A federal court in New York dismissed all claims asserted by a recovering alcoholic under the Americans with Disabilities Act and the Rehabilitation Act for numerous reasons including that he did not show he was “disabled.” Johnson v. N.Y. State Office of Alcoholism & Substance Abuse Servs., No. 16-cv-9769 (S.D.N.Y. March 13, 2018).
Plaintiff, a recovering alcoholic, was a former Addictions Counselor Assistant at the Creedmoor Addiction Treatment Center. He sued his employer, New York State Office of Alcoholism and Substance Abuse Services (“OASAS”) alleging he was harassed, discriminated and retaliated against in violation of the ADA and Rehabilitation Act. Specifically, he alleged that he was passed over for a promotion, denied a transfer, and assigned “jobs nobody wants to do.” He further alleged that he suffered adverse actions in retaliation for both internal complaints he made about purported violations of his clients’ rights, and for a subsequent federal action he filed in 2015. In his view, OASAS “created a hostile work environment” such by giving him negative evaluations, instructing him to confiscate clients’ property, and denying the clients visitation rights.
The Court held that Plaintiff failed to state facts sufficiently connecting his “alleged” disability to his “laundry list of workplace grievances.” The Court centered its analysis on whether Plaintiff adequately pleaded that he was “disabled” under the ADA and Rehabilitation Act. Plaintiff failed to allege that his supervisors regarded him as having a disability or even that they were aware of his alcoholism. He further failed to allege that he had a record of a substantially limiting impairment. The court stated that Plaintiff assumed that he is disabled with the meaning of federal law because he identifies as a “recovering alcoholic.” While alcoholism is recognized as an “impairment” under federal law, “more than a physical or mental impairment is required to satisfy the definition of disability.” A plaintiff must also allege facts showing that his or her status as a recovering addict “substantially limits” one of his or her “major life activities.” Because Plaintiff failed to plead such facts, his disability discrimination and failure to accommodate claims were dismissed.

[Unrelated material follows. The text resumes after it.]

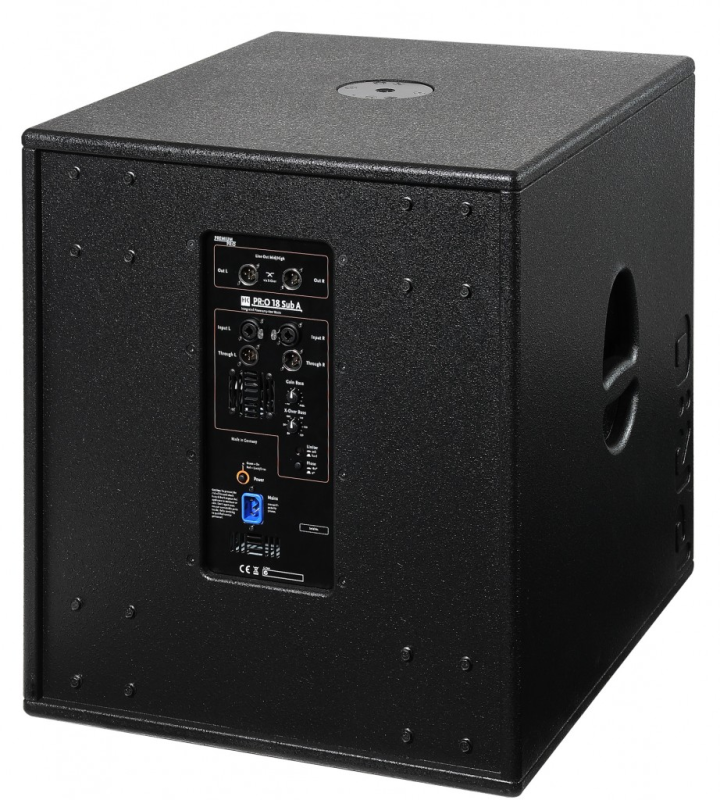 HK AUDIO PR:O18 SUB A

As to the retaliation claims, the Court concluded that even if Plaintiff could prove that the employer took an “adverse action” against him, he failed to plead facts showing that any alleged adverse action was “because” of his opposition to any unlawful employment practice. Retaliation claims require a plaintiff to allege facts showing a “but-for” causal connection. Plaintiff’s conclusory allegations that the employer took various adverse actions against him in response to his complaints about purported violations of clients’ rights was not sufficient. Additionally, the temporal time frame between the filing of his federal action in April 2015 and the purported adverse actions said to occur in February 2016 was too remote, by itself, to raise an inference of but-for causation.
Similarly, Plaintiff’s hostile work environment claims failed because his collective examples of alleged hostility and workplace abuse fell short of the standard, and his allegations did not establish that the alleged hostile conduct occurred on account of his alleged disability. Accordingly, all of Plaintiff’s claims were dismissed.